== EXERCISE BRIEF ==
Please repeat the records exactly from their first line, finishing at the line containing "Bleu et beige" and including it.
____________
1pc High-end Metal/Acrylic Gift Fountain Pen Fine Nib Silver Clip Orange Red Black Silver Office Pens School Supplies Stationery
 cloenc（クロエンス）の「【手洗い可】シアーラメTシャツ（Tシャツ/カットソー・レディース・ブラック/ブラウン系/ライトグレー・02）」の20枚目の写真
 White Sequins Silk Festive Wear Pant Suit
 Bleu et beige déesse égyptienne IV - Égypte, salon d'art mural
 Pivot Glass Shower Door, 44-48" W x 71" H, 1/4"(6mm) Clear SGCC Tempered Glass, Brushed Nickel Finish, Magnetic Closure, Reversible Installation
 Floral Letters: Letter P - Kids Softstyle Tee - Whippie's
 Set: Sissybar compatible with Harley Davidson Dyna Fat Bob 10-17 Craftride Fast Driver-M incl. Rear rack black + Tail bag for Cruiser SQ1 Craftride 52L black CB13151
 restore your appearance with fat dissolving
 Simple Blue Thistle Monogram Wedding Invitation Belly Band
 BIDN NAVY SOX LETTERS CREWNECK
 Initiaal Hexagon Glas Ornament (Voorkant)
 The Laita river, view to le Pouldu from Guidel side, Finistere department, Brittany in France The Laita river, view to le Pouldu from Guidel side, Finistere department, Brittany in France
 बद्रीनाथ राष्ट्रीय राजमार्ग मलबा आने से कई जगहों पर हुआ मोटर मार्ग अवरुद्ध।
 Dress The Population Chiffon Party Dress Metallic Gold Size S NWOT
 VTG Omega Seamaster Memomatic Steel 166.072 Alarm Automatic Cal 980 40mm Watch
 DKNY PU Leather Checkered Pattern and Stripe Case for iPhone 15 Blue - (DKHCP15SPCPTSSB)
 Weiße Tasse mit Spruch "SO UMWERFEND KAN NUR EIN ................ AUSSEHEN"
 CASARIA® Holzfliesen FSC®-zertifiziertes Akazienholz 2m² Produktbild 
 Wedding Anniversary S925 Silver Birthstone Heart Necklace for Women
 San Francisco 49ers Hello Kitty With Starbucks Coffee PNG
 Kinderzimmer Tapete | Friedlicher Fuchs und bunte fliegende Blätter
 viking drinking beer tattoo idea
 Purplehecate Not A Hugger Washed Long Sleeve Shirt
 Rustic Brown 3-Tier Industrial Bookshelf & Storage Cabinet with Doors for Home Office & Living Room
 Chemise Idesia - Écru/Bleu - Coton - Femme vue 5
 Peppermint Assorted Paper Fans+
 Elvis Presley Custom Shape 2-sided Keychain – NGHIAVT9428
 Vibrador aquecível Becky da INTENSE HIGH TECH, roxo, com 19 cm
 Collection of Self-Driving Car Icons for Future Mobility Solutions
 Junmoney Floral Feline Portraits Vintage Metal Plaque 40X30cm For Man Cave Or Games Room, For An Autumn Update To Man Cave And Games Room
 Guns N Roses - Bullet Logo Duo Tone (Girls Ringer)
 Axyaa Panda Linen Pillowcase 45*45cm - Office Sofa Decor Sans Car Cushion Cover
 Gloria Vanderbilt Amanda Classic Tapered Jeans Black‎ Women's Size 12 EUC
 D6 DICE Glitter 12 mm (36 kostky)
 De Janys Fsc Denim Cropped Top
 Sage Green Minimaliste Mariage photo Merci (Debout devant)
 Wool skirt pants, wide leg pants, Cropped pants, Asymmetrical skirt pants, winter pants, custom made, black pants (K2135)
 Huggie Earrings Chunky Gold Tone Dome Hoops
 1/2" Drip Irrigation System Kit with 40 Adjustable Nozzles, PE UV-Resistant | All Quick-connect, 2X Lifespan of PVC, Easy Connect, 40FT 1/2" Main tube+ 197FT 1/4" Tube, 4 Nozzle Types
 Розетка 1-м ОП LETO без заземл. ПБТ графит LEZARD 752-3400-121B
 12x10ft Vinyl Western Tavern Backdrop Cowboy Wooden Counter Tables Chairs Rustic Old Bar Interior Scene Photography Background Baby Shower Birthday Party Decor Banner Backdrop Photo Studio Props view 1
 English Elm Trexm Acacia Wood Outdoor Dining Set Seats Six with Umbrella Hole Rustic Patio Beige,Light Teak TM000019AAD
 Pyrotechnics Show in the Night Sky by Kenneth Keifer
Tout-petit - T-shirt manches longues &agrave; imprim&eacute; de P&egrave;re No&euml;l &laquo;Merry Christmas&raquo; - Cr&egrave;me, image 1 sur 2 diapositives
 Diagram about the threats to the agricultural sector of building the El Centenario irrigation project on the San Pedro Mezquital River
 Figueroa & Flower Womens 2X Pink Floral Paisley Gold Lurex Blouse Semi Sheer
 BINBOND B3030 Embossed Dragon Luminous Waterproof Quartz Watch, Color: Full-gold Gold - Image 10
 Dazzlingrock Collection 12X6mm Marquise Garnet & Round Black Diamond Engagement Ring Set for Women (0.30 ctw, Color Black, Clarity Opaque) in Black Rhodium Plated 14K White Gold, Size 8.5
____________
== TASK RESPONSE ==
1pc High-end Metal/Acrylic Gift Fountain Pen Fine Nib Silver Clip Orange Red Black Silver Office Pens School Supplies Stationery
 cloenc（クロエンス）の「【手洗い可】シアーラメTシャツ（Tシャツ/カットソー・レディース・ブラック/ブラウン系/ライトグレー・02）」の20枚目の写真
 White Sequins Silk Festive Wear Pant Suit
 Bleu et beige déesse égyptienne IV - Égypte, salon d'art mural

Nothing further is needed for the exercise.